**WORK INSTRUCTION:**
For the records below, print the lines from the line with "Atana Apartments Manchester Exterior photo" through the line with "Hadamar alte Brücke mit Gymnasium" exactly as written; include both end lines and exclude the rest.

**RECORDS FOR THIS EXERCISE:**
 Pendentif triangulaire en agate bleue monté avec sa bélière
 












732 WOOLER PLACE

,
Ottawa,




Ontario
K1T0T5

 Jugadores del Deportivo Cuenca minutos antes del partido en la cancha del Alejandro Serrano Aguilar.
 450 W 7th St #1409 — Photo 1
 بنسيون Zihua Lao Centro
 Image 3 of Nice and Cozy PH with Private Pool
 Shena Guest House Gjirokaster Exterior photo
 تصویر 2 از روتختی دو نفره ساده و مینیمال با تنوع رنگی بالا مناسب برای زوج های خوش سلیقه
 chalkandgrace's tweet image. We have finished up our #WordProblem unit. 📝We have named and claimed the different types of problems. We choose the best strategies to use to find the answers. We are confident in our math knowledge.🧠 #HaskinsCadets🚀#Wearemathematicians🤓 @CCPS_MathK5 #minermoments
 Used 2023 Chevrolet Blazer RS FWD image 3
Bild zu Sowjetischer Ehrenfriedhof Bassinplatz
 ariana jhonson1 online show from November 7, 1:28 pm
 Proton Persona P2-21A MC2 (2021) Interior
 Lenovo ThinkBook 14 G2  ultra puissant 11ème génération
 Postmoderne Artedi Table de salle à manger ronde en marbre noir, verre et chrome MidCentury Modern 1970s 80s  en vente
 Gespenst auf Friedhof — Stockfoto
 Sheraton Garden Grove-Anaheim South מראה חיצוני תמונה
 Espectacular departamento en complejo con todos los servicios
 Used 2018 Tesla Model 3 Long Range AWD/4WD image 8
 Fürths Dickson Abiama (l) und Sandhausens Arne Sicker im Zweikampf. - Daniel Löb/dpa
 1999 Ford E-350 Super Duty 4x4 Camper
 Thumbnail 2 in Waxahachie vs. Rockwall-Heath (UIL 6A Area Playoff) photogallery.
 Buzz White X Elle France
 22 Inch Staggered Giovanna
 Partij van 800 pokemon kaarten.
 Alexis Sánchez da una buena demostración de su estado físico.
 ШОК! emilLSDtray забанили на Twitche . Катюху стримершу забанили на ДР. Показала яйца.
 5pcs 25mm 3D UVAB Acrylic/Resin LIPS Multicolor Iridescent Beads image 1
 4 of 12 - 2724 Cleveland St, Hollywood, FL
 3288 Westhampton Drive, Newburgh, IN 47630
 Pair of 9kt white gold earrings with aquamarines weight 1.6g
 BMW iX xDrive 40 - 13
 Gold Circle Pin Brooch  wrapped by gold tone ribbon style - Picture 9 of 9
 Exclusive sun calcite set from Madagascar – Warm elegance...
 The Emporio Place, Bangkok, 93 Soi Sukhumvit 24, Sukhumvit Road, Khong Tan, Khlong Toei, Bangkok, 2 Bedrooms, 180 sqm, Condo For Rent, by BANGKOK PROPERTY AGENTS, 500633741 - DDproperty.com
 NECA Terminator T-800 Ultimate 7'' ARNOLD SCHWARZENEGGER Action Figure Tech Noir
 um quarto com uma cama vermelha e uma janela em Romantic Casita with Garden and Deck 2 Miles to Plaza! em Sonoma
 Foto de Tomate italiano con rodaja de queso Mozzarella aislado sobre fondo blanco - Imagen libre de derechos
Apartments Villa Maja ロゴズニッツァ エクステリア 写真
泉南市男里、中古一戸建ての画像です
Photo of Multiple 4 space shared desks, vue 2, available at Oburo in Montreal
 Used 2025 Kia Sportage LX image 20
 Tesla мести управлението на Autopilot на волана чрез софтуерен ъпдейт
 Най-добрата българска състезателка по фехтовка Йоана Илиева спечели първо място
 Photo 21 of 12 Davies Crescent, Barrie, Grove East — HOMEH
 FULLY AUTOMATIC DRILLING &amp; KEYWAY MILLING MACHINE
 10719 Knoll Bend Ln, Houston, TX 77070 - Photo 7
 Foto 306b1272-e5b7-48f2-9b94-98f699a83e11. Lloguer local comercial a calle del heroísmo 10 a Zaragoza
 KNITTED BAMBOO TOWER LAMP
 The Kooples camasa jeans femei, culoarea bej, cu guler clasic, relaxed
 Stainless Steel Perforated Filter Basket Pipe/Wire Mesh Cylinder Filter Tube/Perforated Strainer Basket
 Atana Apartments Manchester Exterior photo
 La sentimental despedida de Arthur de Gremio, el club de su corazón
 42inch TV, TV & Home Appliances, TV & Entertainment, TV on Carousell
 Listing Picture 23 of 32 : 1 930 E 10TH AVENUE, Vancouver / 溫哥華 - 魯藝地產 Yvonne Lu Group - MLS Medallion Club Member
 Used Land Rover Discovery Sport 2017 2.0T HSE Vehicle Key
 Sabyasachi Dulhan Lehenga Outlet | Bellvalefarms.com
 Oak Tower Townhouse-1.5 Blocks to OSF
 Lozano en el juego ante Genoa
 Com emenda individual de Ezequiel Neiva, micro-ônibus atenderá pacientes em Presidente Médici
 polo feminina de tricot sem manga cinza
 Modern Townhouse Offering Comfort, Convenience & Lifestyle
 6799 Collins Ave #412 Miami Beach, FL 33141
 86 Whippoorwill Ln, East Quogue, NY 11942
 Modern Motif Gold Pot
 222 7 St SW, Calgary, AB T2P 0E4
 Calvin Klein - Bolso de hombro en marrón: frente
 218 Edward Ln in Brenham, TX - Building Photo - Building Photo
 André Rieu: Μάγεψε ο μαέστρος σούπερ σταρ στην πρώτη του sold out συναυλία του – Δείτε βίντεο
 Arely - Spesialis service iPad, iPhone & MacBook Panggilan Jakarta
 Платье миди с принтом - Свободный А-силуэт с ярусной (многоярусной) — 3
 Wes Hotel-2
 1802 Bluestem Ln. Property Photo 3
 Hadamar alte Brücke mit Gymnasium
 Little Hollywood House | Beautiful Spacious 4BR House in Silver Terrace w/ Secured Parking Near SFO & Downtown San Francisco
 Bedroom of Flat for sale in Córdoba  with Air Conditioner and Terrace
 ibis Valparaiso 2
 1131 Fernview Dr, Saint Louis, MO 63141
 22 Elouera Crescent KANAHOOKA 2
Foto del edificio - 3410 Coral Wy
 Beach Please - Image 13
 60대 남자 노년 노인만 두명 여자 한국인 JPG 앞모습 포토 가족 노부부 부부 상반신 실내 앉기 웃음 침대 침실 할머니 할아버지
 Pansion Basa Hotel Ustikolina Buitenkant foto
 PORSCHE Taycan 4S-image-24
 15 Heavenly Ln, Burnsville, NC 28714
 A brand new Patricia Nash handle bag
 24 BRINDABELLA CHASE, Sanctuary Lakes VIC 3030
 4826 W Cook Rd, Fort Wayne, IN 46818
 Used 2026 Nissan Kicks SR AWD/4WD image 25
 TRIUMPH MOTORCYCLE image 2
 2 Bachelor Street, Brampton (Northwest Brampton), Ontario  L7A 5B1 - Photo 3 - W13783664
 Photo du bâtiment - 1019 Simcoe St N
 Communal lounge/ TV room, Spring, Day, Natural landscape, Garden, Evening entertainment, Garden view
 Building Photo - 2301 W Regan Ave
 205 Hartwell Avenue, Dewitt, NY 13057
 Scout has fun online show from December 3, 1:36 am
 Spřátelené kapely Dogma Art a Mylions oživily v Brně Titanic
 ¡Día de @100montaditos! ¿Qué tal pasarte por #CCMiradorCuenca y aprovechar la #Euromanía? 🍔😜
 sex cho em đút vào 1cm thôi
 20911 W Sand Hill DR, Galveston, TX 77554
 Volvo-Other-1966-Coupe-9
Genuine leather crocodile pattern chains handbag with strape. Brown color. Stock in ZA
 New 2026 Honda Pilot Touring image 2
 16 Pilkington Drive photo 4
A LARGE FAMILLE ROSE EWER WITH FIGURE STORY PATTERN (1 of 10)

**RESULT FOR THIS EXERCISE:**
 Atana Apartments Manchester Exterior photo
 La sentimental despedida de Arthur de Gremio, el club de su corazón
 42inch TV, TV & Home Appliances, TV & Entertainment, TV on Carousell
 Listing Picture 23 of 32 : 1 930 E 10TH AVENUE, Vancouver / 溫哥華 - 魯藝地產 Yvonne Lu Group - MLS Medallion Club Member
 Used Land Rover Discovery Sport 2017 2.0T HSE Vehicle Key
 Sabyasachi Dulhan Lehenga Outlet | Bellvalefarms.com
 Oak Tower Townhouse-1.5 Blocks to OSF
 Lozano en el juego ante Genoa
 Com emenda individual de Ezequiel Neiva, micro-ônibus atenderá pacientes em Presidente Médici
 polo feminina de tricot sem manga cinza
 Modern Townhouse Offering Comfort, Convenience & Lifestyle
 6799 Collins Ave #412 Miami Beach, FL 33141
 86 Whippoorwill Ln, East Quogue, NY 11942
 Modern Motif Gold Pot
 222 7 St SW, Calgary, AB T2P 0E4
 Calvin Klein - Bolso de hombro en marrón: frente
 218 Edward Ln in Brenham, TX - Building Photo - Building Photo
 André Rieu: Μάγεψε ο μαέστρος σούπερ σταρ στην πρώτη του sold out συναυλία του – Δείτε βίντεο
 Arely - Spesialis service iPad, iPhone & MacBook Panggilan Jakarta
 Платье миди с принтом - Свободный А-силуэт с ярусной (многоярусной) — 3
 Wes Hotel-2
 1802 Bluestem Ln. Property Photo 3
 Hadamar alte Brücke mit Gymnasium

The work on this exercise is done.